> WORK ORDER: A verbatim copy of the line containing "Gaudi Jewel Palau Güell - Golden Bracelet" and all lines after it, up to and including the final line of the records, is the only acceptable output.

> DATA FOR THIS EXERCISE:

•••

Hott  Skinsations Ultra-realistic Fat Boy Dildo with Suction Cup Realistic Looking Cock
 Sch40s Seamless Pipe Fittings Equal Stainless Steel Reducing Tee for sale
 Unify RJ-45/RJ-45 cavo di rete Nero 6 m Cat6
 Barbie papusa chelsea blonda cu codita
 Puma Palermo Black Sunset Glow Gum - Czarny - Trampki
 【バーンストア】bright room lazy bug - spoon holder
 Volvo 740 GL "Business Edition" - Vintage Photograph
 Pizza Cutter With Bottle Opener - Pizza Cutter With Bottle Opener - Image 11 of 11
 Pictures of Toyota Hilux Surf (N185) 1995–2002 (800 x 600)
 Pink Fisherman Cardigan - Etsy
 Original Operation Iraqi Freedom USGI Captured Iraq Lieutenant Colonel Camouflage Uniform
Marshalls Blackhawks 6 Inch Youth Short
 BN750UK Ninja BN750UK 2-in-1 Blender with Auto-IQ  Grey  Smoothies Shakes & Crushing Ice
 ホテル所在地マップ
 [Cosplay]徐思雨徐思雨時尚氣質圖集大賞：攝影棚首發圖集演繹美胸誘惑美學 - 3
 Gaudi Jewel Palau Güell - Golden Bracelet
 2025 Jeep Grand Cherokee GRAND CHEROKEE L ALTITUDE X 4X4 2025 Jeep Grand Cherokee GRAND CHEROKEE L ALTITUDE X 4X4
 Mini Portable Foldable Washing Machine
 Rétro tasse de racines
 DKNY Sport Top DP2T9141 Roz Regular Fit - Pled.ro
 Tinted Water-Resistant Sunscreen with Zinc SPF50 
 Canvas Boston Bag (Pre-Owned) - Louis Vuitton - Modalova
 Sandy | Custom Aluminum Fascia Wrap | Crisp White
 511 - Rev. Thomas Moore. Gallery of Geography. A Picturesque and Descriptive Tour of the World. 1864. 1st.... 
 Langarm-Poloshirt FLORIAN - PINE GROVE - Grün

•••

> FINISHED EXERCISE:
 Gaudi Jewel Palau Güell - Golden Bracelet
 2025 Jeep Grand Cherokee GRAND CHEROKEE L ALTITUDE X 4X4 2025 Jeep Grand Cherokee GRAND CHEROKEE L ALTITUDE X 4X4
 Mini Portable Foldable Washing Machine
 Rétro tasse de racines
 DKNY Sport Top DP2T9141 Roz Regular Fit - Pled.ro
 Tinted Water-Resistant Sunscreen with Zinc SPF50 
 Canvas Boston Bag (Pre-Owned) - Louis Vuitton - Modalova
 Sandy | Custom Aluminum Fascia Wrap | Crisp White
 511 - Rev. Thomas Moore. Gallery of Geography. A Picturesque and Descriptive Tour of the World. 1864. 1st.... 
 Langarm-Poloshirt FLORIAN - PINE GROVE - Grün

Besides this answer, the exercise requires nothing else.